It was 1992. Toronto won the World Series. Alabama was National Champion in College Football. Duke won the NCAA Mens Basketball Championship. Mark Wahlberg was a pop culture sensation. A Clinton was running for President. A generation later? Interesting.
Each Friday at 3:50pm, it was my duty to submit a job to our mainframe computer (#cloud - see, things really don't change much). I would ask that the customer file be scored with my statistical models. Once the file was scored, I would ask the mainframe computer to print the customer record for one out of every ten thousand customers. On Monday morning, I would have a stack of 400 pages of tractor paper, with one customer record printed on each side of the page. I'd go through each page, making sure that the customer metrics were right ... making sure that the multiplication of customer metrics by modeling coefficients was done correctly ... making sure that the end result was a correct score.
Do you do that today, in your world of "BIG DATA"? Do you audit anything? More on that in a moment.
On one Friday at 3:50pm, I was in a hurry. Had to get home. Maybe it was because it was Cheese Days in Monroe, and I wanted to get there early, who knows? So instead of typing the number "10,000" for the sampling rate (1 in 10,000), I typed in the number "100", submitted the job, got in my brand new 1992 Mercury Topaz (#lemon), and off I went.
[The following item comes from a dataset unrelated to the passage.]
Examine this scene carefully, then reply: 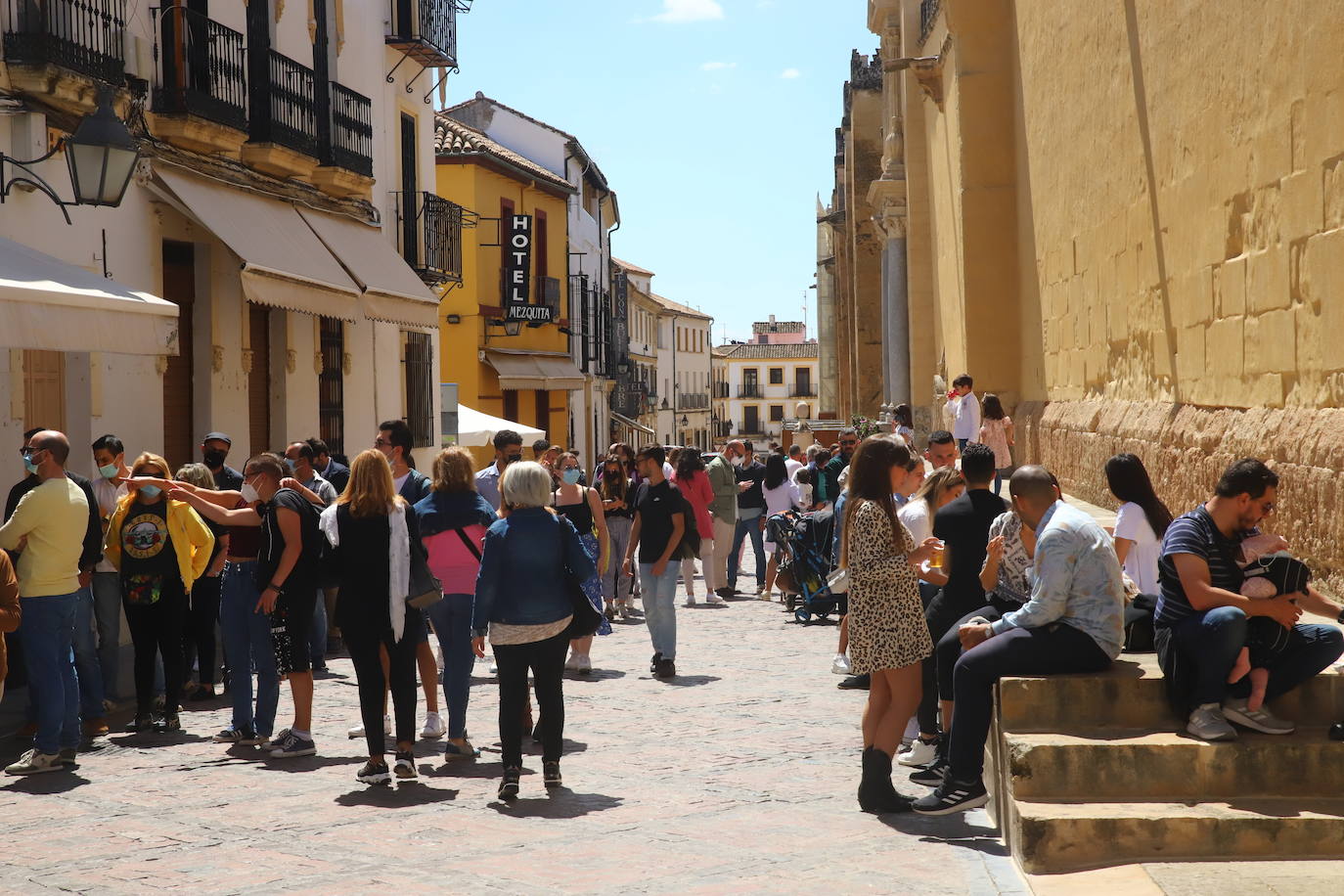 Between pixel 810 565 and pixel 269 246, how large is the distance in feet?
20.0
Sixty-four hours later, I waltzed up to my cubicle in Building Five at Lands' End, and was greeted by seven boxes of printed customer records. Seems the folks in the Information Technology department take things literally - they actually printed one out of every one hundred customers, and they delighted in the process of dumping the records off at my cube. I can only imagine how much they enjoyed sticking it to me - they printed these records every three weeks for the seven years prior - they knew what was supposed to happen - they could have said something - they didn't say anything!!
I learned a valuable lesson - I needed to audit the document designed to help me audit the scoring of the customer file!
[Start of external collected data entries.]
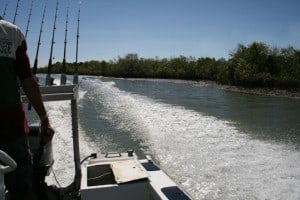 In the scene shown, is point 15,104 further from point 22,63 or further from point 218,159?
point 218,159

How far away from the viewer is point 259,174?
6.55m

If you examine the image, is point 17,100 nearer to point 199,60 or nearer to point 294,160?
point 294,160

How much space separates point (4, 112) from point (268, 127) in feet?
39.1

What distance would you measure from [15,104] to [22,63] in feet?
0.81

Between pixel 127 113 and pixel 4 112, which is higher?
pixel 4 112

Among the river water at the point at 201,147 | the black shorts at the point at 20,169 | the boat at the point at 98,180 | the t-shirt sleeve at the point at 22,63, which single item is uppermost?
the t-shirt sleeve at the point at 22,63

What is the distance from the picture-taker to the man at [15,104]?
1.88 metres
2015 has been a very odd year. I have received more bad data in 2015 than in the eight prior years of MineThatData combined. Columns don't align in datasets. Customers are missing. Demand is missing. Customer records are alphanumeric or character in files that must be joined, making it hard to join records. Annual sales totals are not audited. Customer counts are not audited. Item numbers are recycled, making it impossible to analyze merchandise trends over time. Channel information (#omnichannel) is not standardized. Email clicks are not recorded. Payment amounts for each keyword are not recorded. Customer records are not de-duped.
A generation ago, your data structure was "in-sourced". You had a team of 30 people, working together to make sure that everything was right.
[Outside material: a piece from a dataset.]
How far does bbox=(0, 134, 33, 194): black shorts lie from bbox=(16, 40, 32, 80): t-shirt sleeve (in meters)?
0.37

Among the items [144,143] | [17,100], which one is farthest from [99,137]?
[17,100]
Today, your marketing team is "out-sourced". Your pay-per-click vendor may or may not have audits in place to make sure paid search is executed properly. Your email vendor may or may not have audits in place to make sure your campaigns are executed properly. Your housefile database vendor (#cloud) may or may not have audits in place to make sure your database is maintained properly. Your housefile scoring vendor may or may not bother to make sure that the equations are being applied properly. Your cloud-based social data vendor may or may not make sure that @gumbo72 is truly engaged with your brand.
Because everything is outsourced, you don't have any control over what happens when bad data is generated in one part of your ecosystem. When your co-op misinterprets something and determines that a customer in Montana is pregnant, well, that data is fed throughout the co-op ecosystem, causing the mortified 63 year old in Bozeman to be pummeled with baby-centric marketing nonsense. But rest assured, this #datadriven action can be #optimized, making sure that the right ad gets placed in front of the right customer at the right time.
What a bunch of nonsense.
Say your co-op made an error that resulted in the 63 year old in Bozeman being pummeled with baby-centric marketing nonsense ... and say that the co-op had to receive a printout of every single error they made ... all 80,000 a week ... and say that the co-op modeler had those records dumped in her office on Monday morning ... do you think the dump truck load of results would cause the analyst to think twice about putting proper audits in place?
If you have to, get in your 1992 Mercury Topaz, drive to your #cloud based co-op vendor, and inspect their records by hand. Visit your pay-per-click vendor, and ask to see their data cleansing process, from A to Z. Visit your housefile database vendor, and analyze every single aspect of their data cleansing process. Make sure your trusted partners are doing their job properly.